Araneta Properties Inc.
- Company type: Public
- Traded as: PSE: ARA
- Founders: Gregorio Maria Araneta III
- Headquarters: 21/F Citibank Tower, Paseo de Roxas cor. Valero St., Salcedo Village, Makati, Philippines
- Area served: Philippines
- Website: www.aranetaproperties.com

= Araneta Properties =

Philippine real estate company

Araneta Properties Inc. is a publicly listed real estate company involved in real estate development headed by Gregorio Maria Araneta III, a member of the Araneta family.

==History==
The Araneta Properties Inc. was originally incorporated as Integrated Chrome Corporation (INCHROME) on June 15, 1988, with operations involving in Ferrochrome and Chromite smelting. The company stopped its operations in January 1966, and changed its name to Araneta Properties Inc., with the business focusing more on real estate while maintaining its smelting operations.

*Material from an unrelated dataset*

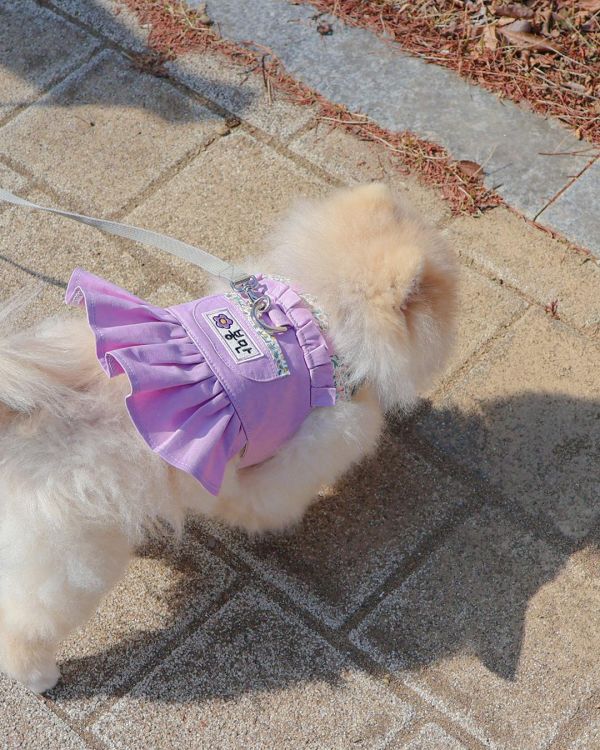 預購0313收單 | Epeels 馬卡龍碎花胸背衣(下單請備註刺繡內容) 寵物服飾,寵物選品,韓國寵物服飾,狗衣服,貓衣服,韓國寵物品牌,韓國寵物選品,韓國寵物春夏選品,寵物名牌,寵物客製商品,EPEELS,太陽花胸背裝飾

The Araneta Properties Inc., along with Sta. Lucia Land Inc. signed a joint venture project in developing the Colinas Verdes Estates, a 230 ha estates in 2003, involving housing developments and a golf course. In November 2019, Araneta and Sta. Lucia announced an additional 58 ha expansion project. The company is also involved in the development of Altaraza, a 120 ha residential and commercial venture with Ayala Land, both located at San Jose del Monte, Bulacan. The company now aims to develop a 140 ha new financial district in Caloocan, near the MRT 7 project.

On February 21, 2024, Luis Marcos Araneta, husband of Alexandra Rocha is the new president of Araneta Properties Incorporated and Gregorio Araneta III group of companies after resignation of Crisanto Roy Alcid.